Acouple years ago had 30-06's build one use a Bartlein 1/11twist 5r barrel next one a 1/11 twist Lilja next one used a Shlein 1/13 twist Ratchet barrel and that rifle I didn't plan on shooting anything heavier than 168gr bullets. Accuracy from The Shilen barrel was equal to the other rifles same gunsmith was used.
Lets just say all three barrels gave better than published velocity using published reloading data. Last year I used the Shilen barrel 30-06 on a late cow elk hunt with 150gr Nolser E-Tip.
Bluedot, I've been shooting the 223AI over 10yrs now and my 27.5" long 1/14 twist Hart barrel with 31gr/H-335 alittle over 3900fps and that's max in that rifle. I normally shoot 50/52gr been using surplus 8208 high 3600 to 3700fps range in both 223AI.
Tom H, I started with H335, shot very well, good velocities, tried TAC just cuz, shoots just as well, gives me same velocities but it WAY cleaner, takes about half the effort to clean up after a day of wackin p dogs
I read that AA2015 was pretty decent in the 223 AI also, I haven't had a good calm day to shoot my test loads but I did work up some velocity ladders and 2015 gave velocity right up there with TAC. But Iwon't be switching unless they shoot much better.
I'm getting 3940-4030 fps with 40's and 3650-3700 fps with 50's.
This is my first 223 AI and I'm absolutely thrilled, gives velocity with 40's and 50's within 50 fps of my old 22-250, creates much less barrel heat and is easily 250 fps second faster than my 24" 223 cooper.
I have a 5R coming next week from Bartlein for my new 300 Sherman. I have heard some reports of higher velocities and a consensus that they clean much easier than std. rifling (as far as copper fouling goes) Good luck.......Rich
A pic is worth a thousand words, here's Shilens' web with a good pic. www.shilen.com/ratchetRifle.html Button rifling is a manufacturing method. the button is either pushed or pull thru a reamed and polished hole to form the lands and grooves. "Cut" rifling is another manufacturing method where each groove is cut, individually, with a cutter.

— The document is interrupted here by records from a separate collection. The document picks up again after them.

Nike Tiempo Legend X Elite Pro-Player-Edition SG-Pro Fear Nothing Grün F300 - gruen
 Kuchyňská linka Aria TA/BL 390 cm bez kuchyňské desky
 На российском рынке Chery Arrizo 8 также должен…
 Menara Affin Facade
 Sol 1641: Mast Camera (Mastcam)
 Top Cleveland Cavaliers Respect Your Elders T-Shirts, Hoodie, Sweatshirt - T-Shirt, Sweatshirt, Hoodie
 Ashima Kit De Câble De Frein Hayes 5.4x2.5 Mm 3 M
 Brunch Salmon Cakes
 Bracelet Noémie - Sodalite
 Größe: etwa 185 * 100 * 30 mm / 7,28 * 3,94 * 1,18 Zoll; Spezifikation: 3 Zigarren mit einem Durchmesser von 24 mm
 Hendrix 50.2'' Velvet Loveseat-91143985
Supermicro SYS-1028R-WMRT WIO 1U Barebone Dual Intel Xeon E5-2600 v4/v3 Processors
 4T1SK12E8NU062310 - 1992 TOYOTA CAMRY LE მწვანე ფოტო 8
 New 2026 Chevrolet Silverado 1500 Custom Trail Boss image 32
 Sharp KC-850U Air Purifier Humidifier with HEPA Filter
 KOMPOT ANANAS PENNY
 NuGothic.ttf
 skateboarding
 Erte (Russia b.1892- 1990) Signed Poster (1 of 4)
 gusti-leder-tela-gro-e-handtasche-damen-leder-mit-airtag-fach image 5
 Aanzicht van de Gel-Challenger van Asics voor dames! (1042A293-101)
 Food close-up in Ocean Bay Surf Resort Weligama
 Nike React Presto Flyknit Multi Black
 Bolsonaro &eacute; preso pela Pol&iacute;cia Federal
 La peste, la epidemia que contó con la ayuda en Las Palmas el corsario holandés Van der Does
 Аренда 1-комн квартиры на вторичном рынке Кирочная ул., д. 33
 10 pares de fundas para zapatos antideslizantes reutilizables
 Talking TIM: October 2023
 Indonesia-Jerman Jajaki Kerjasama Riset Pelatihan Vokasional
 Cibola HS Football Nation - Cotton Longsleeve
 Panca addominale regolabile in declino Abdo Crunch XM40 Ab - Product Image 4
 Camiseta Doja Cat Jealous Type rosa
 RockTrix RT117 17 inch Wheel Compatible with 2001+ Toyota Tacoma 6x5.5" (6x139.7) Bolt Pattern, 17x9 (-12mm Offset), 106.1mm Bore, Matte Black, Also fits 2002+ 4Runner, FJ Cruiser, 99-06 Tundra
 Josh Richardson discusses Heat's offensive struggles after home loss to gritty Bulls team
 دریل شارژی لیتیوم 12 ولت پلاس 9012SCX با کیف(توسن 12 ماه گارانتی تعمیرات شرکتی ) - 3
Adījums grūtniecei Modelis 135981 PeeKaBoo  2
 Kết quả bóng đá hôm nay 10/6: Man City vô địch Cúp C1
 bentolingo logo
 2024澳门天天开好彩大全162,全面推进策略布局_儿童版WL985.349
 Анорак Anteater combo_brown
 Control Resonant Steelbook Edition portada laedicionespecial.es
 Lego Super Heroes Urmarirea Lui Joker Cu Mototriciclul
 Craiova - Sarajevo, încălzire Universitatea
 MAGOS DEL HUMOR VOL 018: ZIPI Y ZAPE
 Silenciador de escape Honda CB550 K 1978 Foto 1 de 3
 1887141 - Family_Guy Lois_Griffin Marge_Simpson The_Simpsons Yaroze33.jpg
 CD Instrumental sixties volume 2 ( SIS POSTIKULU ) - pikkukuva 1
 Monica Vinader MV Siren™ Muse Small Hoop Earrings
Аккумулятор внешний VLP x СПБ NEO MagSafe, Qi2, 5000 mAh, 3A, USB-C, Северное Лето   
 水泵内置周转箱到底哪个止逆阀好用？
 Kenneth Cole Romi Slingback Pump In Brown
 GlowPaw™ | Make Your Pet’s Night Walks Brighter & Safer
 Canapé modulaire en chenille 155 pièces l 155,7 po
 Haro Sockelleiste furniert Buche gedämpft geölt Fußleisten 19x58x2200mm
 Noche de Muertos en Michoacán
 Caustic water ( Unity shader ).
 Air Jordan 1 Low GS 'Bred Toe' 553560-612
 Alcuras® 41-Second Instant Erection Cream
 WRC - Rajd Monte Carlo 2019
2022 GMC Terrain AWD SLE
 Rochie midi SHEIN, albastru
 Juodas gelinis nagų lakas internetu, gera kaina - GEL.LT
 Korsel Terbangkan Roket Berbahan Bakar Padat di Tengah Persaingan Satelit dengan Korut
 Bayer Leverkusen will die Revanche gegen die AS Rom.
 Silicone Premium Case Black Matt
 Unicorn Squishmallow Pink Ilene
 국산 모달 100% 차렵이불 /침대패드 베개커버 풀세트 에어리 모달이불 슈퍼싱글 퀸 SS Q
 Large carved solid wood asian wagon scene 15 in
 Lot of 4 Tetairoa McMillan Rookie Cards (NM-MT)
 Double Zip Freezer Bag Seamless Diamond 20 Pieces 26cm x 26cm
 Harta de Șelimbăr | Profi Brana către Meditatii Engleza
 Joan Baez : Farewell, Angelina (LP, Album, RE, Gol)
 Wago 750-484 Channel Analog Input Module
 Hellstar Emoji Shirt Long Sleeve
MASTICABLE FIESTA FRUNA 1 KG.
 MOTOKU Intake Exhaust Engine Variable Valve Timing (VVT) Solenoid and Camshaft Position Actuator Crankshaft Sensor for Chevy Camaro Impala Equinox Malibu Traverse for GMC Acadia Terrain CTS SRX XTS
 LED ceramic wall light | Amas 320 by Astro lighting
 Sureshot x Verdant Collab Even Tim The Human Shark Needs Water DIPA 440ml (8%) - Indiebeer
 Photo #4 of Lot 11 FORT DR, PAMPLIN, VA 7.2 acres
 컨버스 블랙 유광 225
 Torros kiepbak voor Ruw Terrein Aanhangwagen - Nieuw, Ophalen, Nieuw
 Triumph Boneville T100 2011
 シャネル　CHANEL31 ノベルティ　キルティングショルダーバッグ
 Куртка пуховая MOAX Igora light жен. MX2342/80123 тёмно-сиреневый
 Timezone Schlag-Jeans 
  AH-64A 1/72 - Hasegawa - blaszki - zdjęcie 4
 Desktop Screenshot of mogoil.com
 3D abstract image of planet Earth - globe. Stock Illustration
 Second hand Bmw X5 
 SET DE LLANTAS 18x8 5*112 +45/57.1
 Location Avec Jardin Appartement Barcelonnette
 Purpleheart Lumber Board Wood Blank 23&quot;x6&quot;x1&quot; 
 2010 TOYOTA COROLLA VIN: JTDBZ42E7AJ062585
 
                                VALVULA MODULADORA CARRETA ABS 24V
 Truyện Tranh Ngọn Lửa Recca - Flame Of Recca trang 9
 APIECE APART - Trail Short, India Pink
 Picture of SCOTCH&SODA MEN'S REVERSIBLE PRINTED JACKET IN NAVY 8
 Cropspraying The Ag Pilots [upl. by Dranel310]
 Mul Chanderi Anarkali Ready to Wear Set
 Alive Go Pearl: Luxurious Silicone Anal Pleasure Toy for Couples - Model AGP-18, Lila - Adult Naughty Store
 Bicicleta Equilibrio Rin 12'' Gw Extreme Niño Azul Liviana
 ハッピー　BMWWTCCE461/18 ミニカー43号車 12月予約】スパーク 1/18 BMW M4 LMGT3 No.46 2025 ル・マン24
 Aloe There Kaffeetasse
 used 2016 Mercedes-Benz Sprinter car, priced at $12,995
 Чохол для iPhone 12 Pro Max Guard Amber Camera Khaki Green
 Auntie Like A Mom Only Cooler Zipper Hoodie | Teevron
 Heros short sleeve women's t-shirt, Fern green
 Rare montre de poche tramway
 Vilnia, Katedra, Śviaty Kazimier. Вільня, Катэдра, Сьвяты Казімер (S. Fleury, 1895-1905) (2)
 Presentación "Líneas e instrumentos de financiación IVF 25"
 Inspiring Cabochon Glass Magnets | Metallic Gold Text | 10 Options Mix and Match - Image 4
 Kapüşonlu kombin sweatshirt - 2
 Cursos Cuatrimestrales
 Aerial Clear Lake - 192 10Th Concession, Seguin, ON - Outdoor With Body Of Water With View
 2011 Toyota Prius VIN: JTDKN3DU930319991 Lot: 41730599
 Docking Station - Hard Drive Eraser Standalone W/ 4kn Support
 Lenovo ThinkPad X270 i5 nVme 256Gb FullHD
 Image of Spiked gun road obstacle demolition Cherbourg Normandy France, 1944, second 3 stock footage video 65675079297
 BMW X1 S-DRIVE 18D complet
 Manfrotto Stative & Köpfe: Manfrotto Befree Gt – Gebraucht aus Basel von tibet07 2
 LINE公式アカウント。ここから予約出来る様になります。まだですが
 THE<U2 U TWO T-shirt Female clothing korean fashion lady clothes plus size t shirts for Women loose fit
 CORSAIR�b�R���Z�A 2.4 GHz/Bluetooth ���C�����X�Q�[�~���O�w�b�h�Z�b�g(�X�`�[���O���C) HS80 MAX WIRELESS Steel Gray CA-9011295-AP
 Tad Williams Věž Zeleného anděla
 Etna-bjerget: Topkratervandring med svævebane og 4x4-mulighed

Broached rifling is another manufacturing method that uses a cutter called a broach which is pushed or pull thu the reamed and polished bore and cuts all the grooves at the same time. Hammer forging is another method, mostly used in Europe (someone correct me if I'am wrong) and it involves the barrel being hot forged around a mandral that has reverse rifling on it. the mandral is removed from the inside of the barrel and it leaves the rifling 'imprint' in the bore. Conventional rifling and canted or ratchet rifling, I think, could be best described as engineering principals. Check the link as my explanation is, no doubt, clear as mud!
Last edited by shortgrass; 04-02-2010 at 06:25 PM.